It starts in 'Dreams'

“Your father was a terrible driver,” my mother explains to me. “He’d end up on the left-hand side, the way the British drive, and if you said something he’d just huff about silly American rules-” “Well, this particular time they arrived in one piece, and they got out and stood at the railing to admire the view. And Barack, he was puffing away on this pipe that I’d given him for his birthday, pointing out all the sights with the stem, like a sea captain-” “Your father was really proud of this pipe,” my mother interrupts again. “He’d smoke it all night while he studied, and sometimes-”

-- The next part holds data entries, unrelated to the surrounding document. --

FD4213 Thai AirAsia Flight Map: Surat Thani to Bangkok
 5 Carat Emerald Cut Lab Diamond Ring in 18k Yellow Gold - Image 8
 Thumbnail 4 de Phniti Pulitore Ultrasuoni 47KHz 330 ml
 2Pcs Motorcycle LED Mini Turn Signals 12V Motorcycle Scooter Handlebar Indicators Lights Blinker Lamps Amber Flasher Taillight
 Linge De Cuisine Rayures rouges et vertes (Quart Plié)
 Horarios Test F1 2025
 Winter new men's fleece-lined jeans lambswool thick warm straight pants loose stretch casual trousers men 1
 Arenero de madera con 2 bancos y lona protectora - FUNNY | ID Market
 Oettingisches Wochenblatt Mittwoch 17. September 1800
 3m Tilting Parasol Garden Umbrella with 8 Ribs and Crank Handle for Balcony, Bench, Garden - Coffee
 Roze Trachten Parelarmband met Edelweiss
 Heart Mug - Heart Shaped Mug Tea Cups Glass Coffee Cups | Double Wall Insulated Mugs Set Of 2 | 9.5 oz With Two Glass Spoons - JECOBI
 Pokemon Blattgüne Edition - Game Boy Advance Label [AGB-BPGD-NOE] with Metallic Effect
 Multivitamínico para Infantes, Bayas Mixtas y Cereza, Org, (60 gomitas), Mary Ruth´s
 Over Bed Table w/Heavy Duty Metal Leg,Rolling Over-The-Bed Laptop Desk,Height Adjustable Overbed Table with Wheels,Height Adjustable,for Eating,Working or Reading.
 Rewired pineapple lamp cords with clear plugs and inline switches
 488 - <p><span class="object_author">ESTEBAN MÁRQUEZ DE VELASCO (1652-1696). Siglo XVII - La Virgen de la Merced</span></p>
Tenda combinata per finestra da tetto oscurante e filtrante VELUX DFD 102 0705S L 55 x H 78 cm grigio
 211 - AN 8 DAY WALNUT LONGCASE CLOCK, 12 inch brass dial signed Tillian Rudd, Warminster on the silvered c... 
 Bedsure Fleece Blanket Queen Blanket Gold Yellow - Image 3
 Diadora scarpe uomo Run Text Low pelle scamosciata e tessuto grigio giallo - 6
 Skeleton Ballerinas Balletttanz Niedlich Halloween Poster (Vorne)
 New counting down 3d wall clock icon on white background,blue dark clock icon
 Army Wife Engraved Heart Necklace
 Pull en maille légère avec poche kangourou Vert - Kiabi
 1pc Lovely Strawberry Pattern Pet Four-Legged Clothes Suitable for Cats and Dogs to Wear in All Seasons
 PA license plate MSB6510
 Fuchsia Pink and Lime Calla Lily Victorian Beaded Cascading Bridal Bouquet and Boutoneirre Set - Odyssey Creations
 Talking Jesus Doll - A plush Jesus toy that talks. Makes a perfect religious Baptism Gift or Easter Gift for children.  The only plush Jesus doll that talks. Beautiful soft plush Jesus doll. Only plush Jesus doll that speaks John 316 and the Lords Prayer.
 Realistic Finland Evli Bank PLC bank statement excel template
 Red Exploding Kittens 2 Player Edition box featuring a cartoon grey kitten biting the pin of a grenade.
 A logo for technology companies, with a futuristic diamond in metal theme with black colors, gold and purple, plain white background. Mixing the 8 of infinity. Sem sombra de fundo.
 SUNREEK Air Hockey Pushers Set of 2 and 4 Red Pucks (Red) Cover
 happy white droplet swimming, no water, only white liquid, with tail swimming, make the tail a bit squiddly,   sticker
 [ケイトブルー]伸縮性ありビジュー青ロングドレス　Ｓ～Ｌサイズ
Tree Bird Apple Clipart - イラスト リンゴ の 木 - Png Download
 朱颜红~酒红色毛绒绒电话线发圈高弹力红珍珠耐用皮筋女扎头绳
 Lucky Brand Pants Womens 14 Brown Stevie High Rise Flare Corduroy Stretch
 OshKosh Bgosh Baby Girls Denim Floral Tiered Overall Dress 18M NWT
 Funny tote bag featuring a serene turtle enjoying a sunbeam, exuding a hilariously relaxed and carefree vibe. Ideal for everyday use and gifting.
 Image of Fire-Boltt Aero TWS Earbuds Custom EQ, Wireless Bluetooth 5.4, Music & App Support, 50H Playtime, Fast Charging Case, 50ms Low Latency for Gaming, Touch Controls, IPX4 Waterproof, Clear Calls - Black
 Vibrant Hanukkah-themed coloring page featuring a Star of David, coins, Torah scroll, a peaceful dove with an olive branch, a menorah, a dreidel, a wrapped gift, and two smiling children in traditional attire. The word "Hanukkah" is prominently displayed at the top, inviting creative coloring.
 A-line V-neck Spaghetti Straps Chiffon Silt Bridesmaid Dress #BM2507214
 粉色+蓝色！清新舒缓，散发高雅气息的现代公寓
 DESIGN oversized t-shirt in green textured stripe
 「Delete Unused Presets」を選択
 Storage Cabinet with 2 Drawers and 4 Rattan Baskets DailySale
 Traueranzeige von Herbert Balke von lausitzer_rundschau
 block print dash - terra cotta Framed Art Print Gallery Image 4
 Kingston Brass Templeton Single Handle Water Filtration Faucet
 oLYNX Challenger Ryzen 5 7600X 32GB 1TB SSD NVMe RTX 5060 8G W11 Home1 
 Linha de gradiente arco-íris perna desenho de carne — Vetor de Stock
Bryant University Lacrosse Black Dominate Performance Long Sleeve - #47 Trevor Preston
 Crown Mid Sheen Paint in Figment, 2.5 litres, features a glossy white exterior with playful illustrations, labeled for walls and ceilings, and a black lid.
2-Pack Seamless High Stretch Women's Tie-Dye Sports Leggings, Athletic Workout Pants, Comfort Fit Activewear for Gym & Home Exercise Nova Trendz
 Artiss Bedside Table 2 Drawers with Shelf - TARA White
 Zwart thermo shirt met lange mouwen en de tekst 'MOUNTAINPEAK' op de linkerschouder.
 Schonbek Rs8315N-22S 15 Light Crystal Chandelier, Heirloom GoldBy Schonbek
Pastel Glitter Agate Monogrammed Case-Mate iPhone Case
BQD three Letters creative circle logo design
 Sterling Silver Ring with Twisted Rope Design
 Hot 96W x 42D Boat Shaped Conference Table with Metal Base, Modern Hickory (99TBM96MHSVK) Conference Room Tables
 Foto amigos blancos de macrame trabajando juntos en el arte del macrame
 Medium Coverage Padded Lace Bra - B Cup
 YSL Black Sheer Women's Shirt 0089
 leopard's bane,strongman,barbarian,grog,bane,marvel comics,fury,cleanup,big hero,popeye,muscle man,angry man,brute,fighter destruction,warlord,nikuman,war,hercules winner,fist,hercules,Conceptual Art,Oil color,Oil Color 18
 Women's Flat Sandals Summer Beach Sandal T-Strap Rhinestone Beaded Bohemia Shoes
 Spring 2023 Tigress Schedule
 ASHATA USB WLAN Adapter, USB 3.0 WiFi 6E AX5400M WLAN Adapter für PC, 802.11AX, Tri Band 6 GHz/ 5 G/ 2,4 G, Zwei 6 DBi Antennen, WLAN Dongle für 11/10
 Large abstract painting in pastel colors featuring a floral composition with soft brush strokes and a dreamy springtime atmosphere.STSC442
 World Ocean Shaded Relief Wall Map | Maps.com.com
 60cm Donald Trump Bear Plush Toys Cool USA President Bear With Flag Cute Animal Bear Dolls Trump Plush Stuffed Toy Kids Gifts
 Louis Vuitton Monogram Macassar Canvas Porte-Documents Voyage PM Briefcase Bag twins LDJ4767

“Look, Ann, do you want to tell the story or are you going to let me finish?” “Sorry, Dad. Go ahead.” “Anyway, this poor fella-he was another African student, wasn’t he? Fresh off the boat. This poor kid must’ve been impressed with the way Barack was holding forth with this pipe, ’cause he asked if he could give it a try. Your dad thought about it for a minute, and finally agreed, and as soon as the fella took his first puff, he started coughing up a fit. Coughed so hard that the pipe slipped out of his hand and dropped over the railing, a hundred feet down the face of the cliff.”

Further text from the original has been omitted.